[Python-ideas] values in vs. values out

Ron Adam rrr at ronadam.com
Fri Jan 21 04:47:15 CET 2011



On 01/17/2011 09:04 AM, Luc Goossens wrote:
> Hi all,
>
> Thanks to everybody for your feedback!
> So I guess the answer to my question (which - I noticed just now - did not
> end with a question mark), is ... no.
>
>> If your function is returning a bunch of related values in a tuple, and
>> that tuple keeps changing as you re-design the code, that's a code smell.
>
> the use cases I have in mind are the functions that return a set of weakly
> related values, or more importantly report on different aspects
> of the calculation;
> an example of the first is a divmod function that returns the div and the
> mod while callers might only be interested in the div;
> examples of the latter are the time it took to calculate the value,
> possible warnings that were encountered, ...
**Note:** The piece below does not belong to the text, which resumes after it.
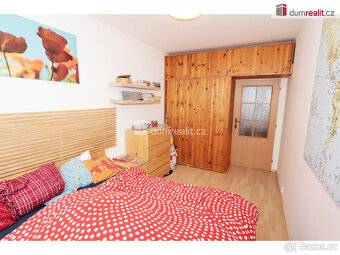 Světlý byt 74,4 m2 + terasa 7,6 m2 a zahrada 27 m2, 1NP, nov - 6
You could use a class instead of a function to get different variations on 
a function.

 >>> class DivMod:
...     def div(self, x, y):
...         return x//y
...     def mod(self, x, y):
...         return x%y
...     def __call__(self, x, y):
...         return x//y, x%y
...
 >>> dmod = DivMod()
 >>> dmod(100, 7)
(14, 2)
 >>> dmod.div(100, 7)
14
 >>> dmod.mod(100, 7)
2

Adding methods, to time and/or get warnings, should be fairly easy.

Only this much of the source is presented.